The film itself starts with a simple illness. Simple, but with devastating effects - essentially, the immune system is crashed and destroyed, and the brain made entirely useless. It is fatal, if you're lucky (it seems). The first victim we see in the film is a married woman from Minneapolis (Gwenyth Paltrow) after her affair with a man in Chicago on her way home from Hong Kong. She coughs. And after a bartender has handled her money, we already know that the virus is spreading. And the title card on the screen says "Day 2". These aren't the first people to be sick, nor will they be the last (mostly because we need a movie, never mind the virus spreading at lightening speed). 

Contagion is, at its core, a thriller and is appropriately marketed as such. What kind of thriller it is could be a debate for an entirely different article, but at the heart of it all, you could call it a techno-thriller like Roger Ebert does - there are technical patterns that lump it into the genre, sure. Title cards displaying the times and places of the day, as such. The cheating woman's husband Mitch (Matt Damon) is immune to the virus - his fate is to watch the ones he loves around him contract it. Alan Krumwiede (Jude Law) is a blogger spreading his fear and propaganda like a virus itself, to millions of "unique followers" of his website. 

One more hint to fully unlocking the film and understanding it beneath a surface level is that "contagion" isn't strictly meant to describe the influence(za?) of the disease, but the contagion of the emotional effect on the main characters, and how that spreads. Mitch, learning that his wife may have had an affair when she caught the virus, Alan spreading his own seething virus over the internet and television... And then there are the doctors - Cheever (Lawrence Fishburne), who heads a department at the Center for Disease Control and is working on developing a vaccine with Dr. Hextall (Jennifer Ehle). Dr. Erin Mears (Kate Winslet) is assigned out into the field to track down the last point of contact that bystanders might have had with recent victims, and Dr. Leonora Orantes (Marion Cotillard) tackles the field like guerrilla warfare, using security cameras and investigative research to track the moment the virus was first spread from person to person, in a casino, in Hong Kong, with Mitch's wife. 

Contagion gets under your skin (!) and never lets go of your nerves.
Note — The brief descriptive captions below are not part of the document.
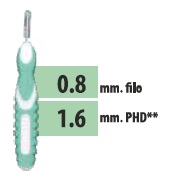 CLIADENT SCOVOLINO 5 PEZZI 1,6 MM - Angeli Pharm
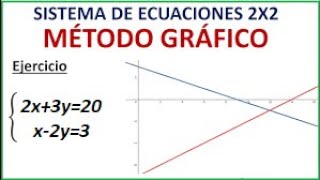 Sistema de ecuaciones método gráfico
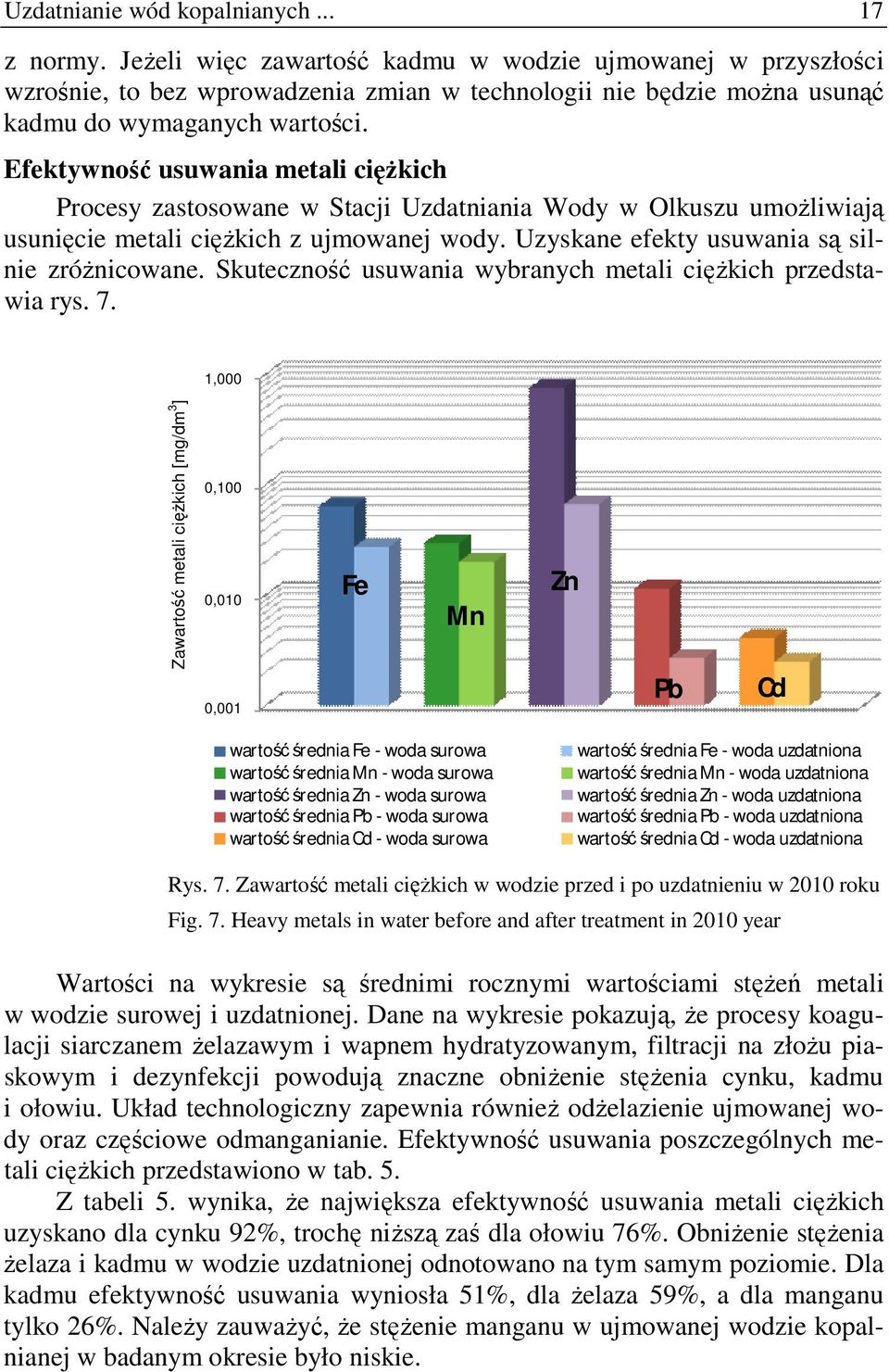 Efektywność usuwania metali cięŝkich Procesy zastosowane w Stacji Uzdatniania Wody w Olkuszu umoŝliwiają usunięcie metali cięŝkich z ujmowanej wody. Uzyskane efekty usuwania są silnie zróŝnicowane.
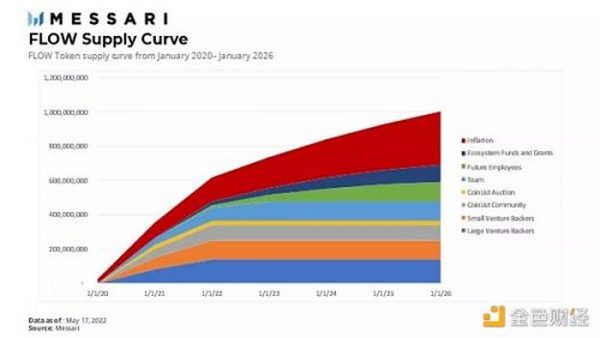 Messari：进入Flow区块链宇宙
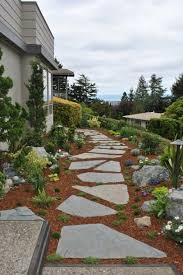 13 Ideas For Landscaping Without Grass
It's a horror film, if you look at it from the right angle. Medical thrillers, legal thrillers, they all have one thing in common with horror movies - that obsessive hunt. Here, it isn't just a hunt but a race, and not even a race against the clock, but a race against our bodies. Cities are torn down by this virus in less than a year, millions of people are dead half way through the film, and yet Steven Soderbergh's scale of the film is so miniature and personal, that we can barely contain that knowledge at the sake of the four people we're supposed to care about when they keep touching doorknobs. The film operates on the ends of its given spectrum - small and calculated personal stories of survival matching with uncontrollable epidemy and fear. The contagion isn't just in the virus itself, but the footprints its leaves as it marches from host to host.